My Unlikely Brothers Transcript

A note about this transcript: The Moth is true stories told live. We provide transcripts to make all of our stories keyword searchable and accessible to the hearing impaired, but highly recommend listening to the audio to hear the full breadth of the story. This transcript was computer-generated and subsequently corrected through The Moth StoryScribe.

Back to this story.

Pam Burrell - My Unlikely Brothers

 

I didn't know what I wanted to do after high school, but my mother did. [audience laughter] She decided that I was going to attend a prestigious college, study pre-med, and become a doctor. I didn't have the courage to tell her that I lacked the self-confidence to make life and death decisions for other people. I also lacked the courage to resist her plan. [audience laughter] But I did draw one non-negotiable line in the sand. If I had to go to college, it was going to be a traditional black college in a large city.

 

On my first day as a scholarship student at Whitman College in Walla Walla, Washington, [audience laughter] I discovered that I was the only black woman in entering class. [audience laughter] I also discovered that my dorm room had been reconfigured, so that my roommate and I wouldn't share a bedroom.
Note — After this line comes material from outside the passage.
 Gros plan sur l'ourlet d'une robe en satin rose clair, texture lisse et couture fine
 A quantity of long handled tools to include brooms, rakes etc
I asked the residence manager, “Why ours was the only room that had been changed around?” And she said, "Well, we thought you'd feel more comfortable with that arrangement." So, from my very first day, I was made to feel that I was an outsider who needed to be treated differently from my peers. I didn't know how to navigate that situation, and I spent the next four years trying to break a code I didn't understand.

 

In my sophomore year, I volunteered with 11 other students at the Washington State Penitentiary, a maximum-security prison. The main goal of the program was to help soon-to-be-released prisoners adapt to life on the outside. I had found my people. I have never felt more at home or more appreciated than I did with those men. They had lost control of their destiny. They were anxious scared and confused, but they were determined to succeed. They had each other's backs and supported each other through addictions, and through helplessness, and rage. Talking to them was the highlight of my week for almost two years. 

 

I never missed a meeting. Then one night, I drove to our designated meeting place on campus, and no one was there. I immediately recognized what had happened. The Ohio Players, one of the biggest things to hit campus in years, were performing that night. I passed streams of concertgoers, as I drove the empty van to the prison. I was surprised by the intensity of my affection for these men. Looking back, I think I realized that they were where they were, because they had acted on their feelings, and I was where I was because I had not.

 

When I got to the prison, I decided to seat all of the men together in one group. As the 30 men settled in, one of the men said, "Where is everybody? I told them about the concert.” And another man said, "Don't you like the Ohio Players?" [audience chuckles] I said, "They're one of my favorite bands." And he said, "Then what you doing here, fool?" [audience chuckles] And we all laughed. I said, "Well, I'd rather be here. I love you, guys. I care about you, and I want to do everything I can to help you succeed." 

 

The room went deathly still, no one spoke. Finally, I asked the group what was wrong. One of the men began to cry and said, "In my whole life, no one has ever told me that they loved me or that they cared about me." Then, one by one, every man began to cry. After a while, one of the men pointed to the guard who was monitoring our group and said, "Look, even old baldy is crying." [audience laughter]

 

Eventually they went their way and I went mine. I don't know if that program helped those men, but I know it helped me. I still lack courage and self-confidence. But when I'm afraid or feeling challenged by the world, I think back to that special group of foster brothers of mine, and I tell myself, "Hey guys, we can get through this together." Thank you.